Leave the pictures in the listing below aside and reproduce exactly the lines starting with the one with "Hello everyone. Today" and going on through the one with "The wire speculum", both ends included.

**Records for this task**.
===============

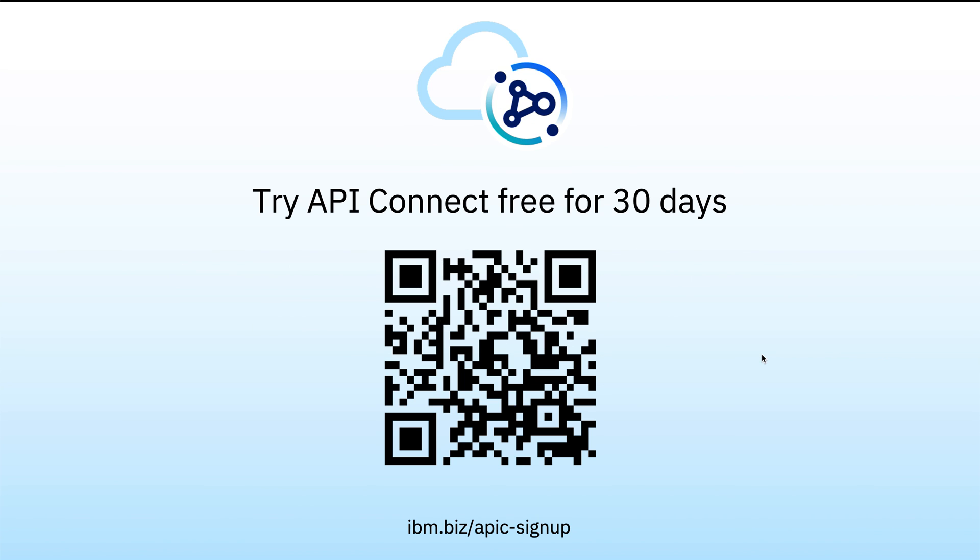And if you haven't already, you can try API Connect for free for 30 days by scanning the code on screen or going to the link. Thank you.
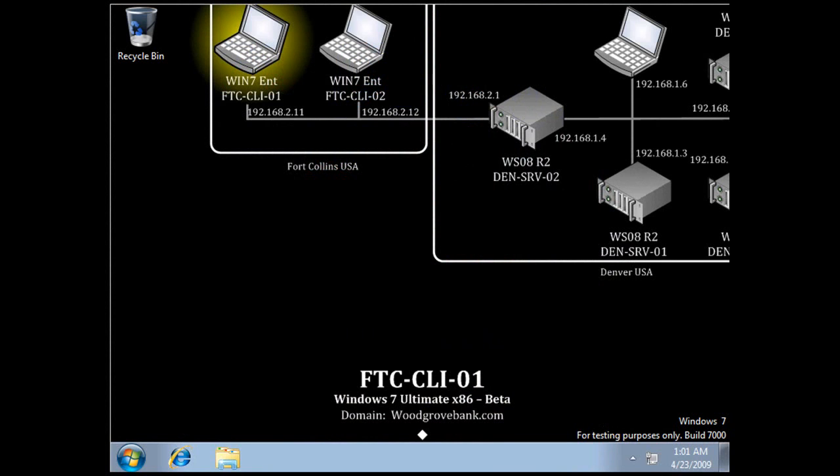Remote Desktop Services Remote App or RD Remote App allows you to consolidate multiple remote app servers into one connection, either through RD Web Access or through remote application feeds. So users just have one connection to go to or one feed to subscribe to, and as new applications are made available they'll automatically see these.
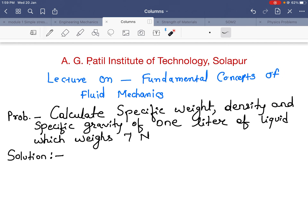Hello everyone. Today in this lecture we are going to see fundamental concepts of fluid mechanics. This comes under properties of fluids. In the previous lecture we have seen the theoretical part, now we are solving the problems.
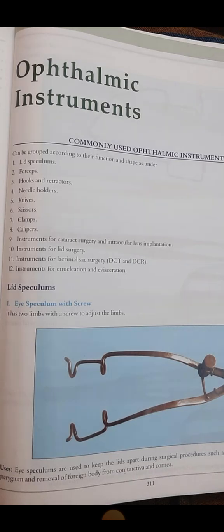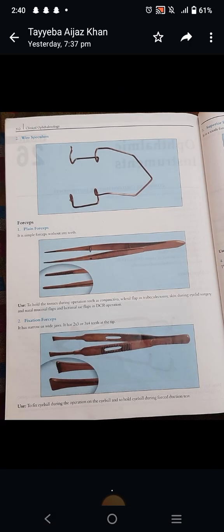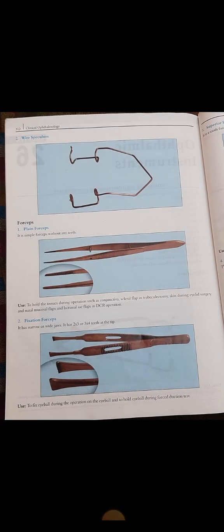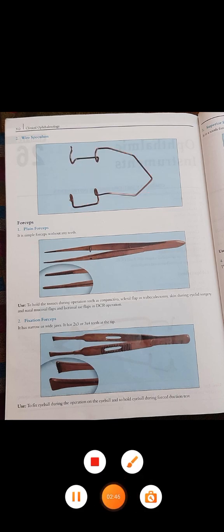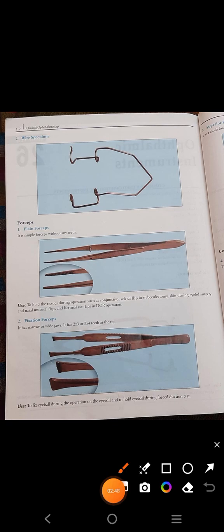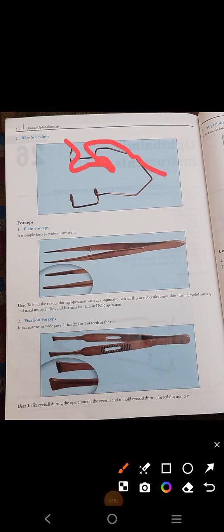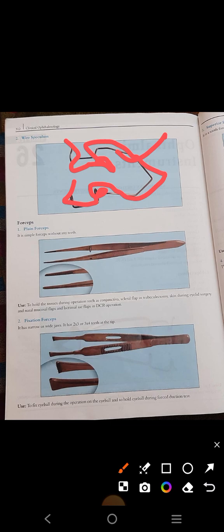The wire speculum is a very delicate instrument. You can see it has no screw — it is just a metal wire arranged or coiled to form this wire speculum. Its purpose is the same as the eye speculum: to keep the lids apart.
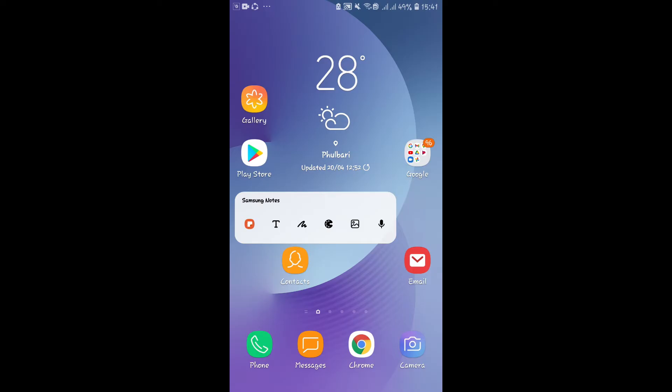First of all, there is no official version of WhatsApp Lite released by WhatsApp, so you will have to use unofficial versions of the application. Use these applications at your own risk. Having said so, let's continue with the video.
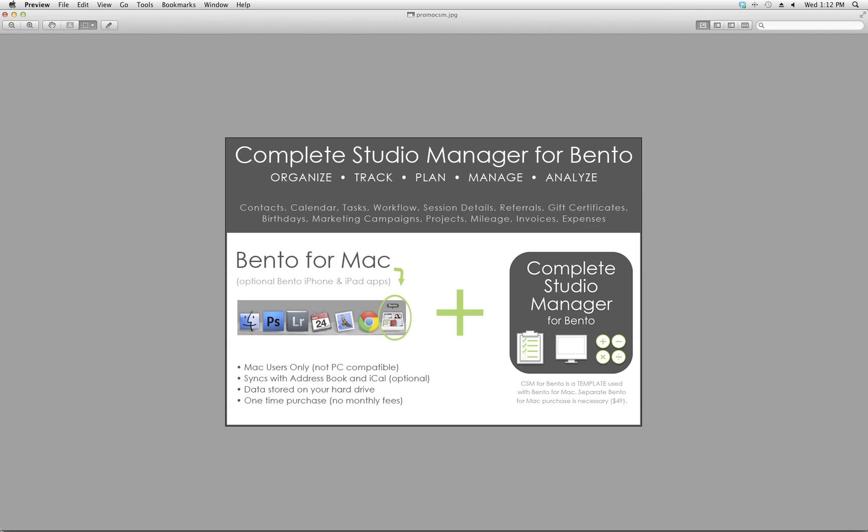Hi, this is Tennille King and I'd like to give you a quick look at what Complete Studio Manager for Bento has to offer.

===============

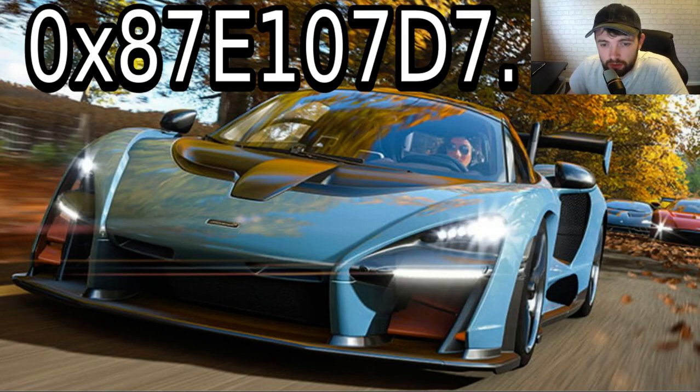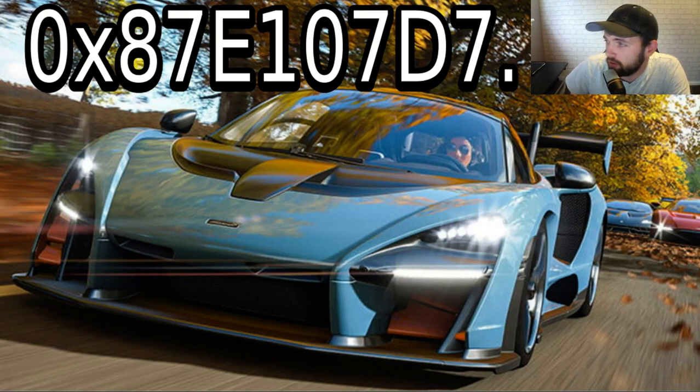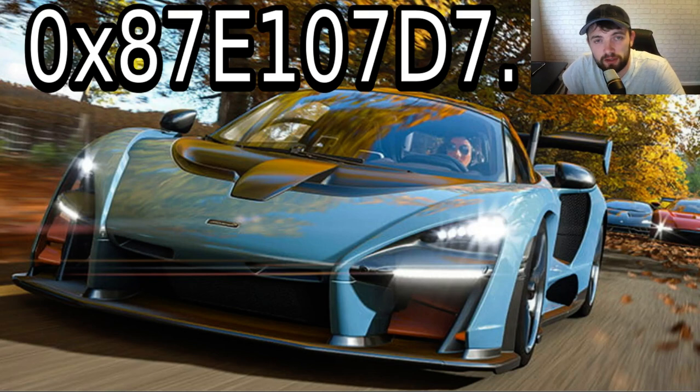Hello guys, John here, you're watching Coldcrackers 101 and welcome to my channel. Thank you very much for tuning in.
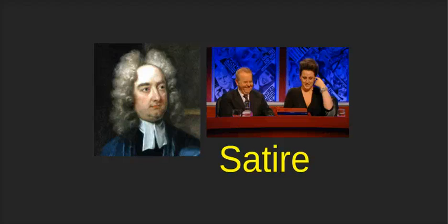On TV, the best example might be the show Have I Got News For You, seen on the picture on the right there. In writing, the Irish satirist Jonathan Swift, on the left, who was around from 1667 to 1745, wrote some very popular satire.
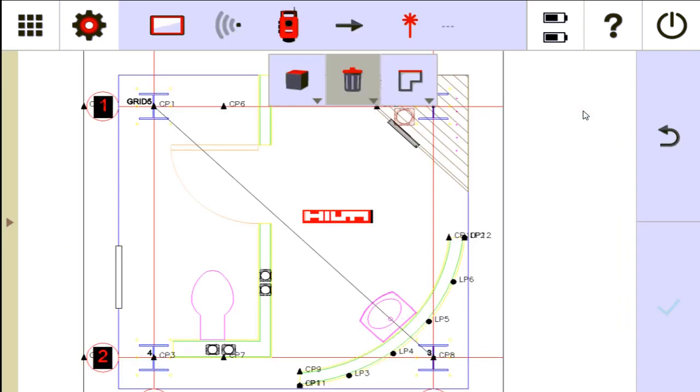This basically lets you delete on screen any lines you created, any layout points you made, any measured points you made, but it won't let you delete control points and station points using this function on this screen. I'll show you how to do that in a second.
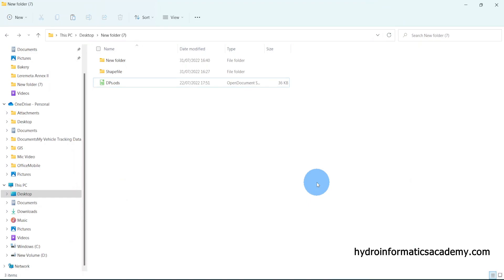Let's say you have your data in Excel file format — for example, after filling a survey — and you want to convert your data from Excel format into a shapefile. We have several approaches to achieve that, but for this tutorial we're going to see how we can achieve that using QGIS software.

===============

**Written answer**.
Hello everyone. Today in this lecture we are going to see fundamental concepts of fluid mechanics. This comes under properties of fluids. In the previous lecture we have seen the theoretical part, now we are solving the problems.
The wire speculum is a very delicate instrument. You can see it has no screw — it is just a metal wire arranged or coiled to form this wire speculum. Its purpose is the same as the eye speculum: to keep the lids apart.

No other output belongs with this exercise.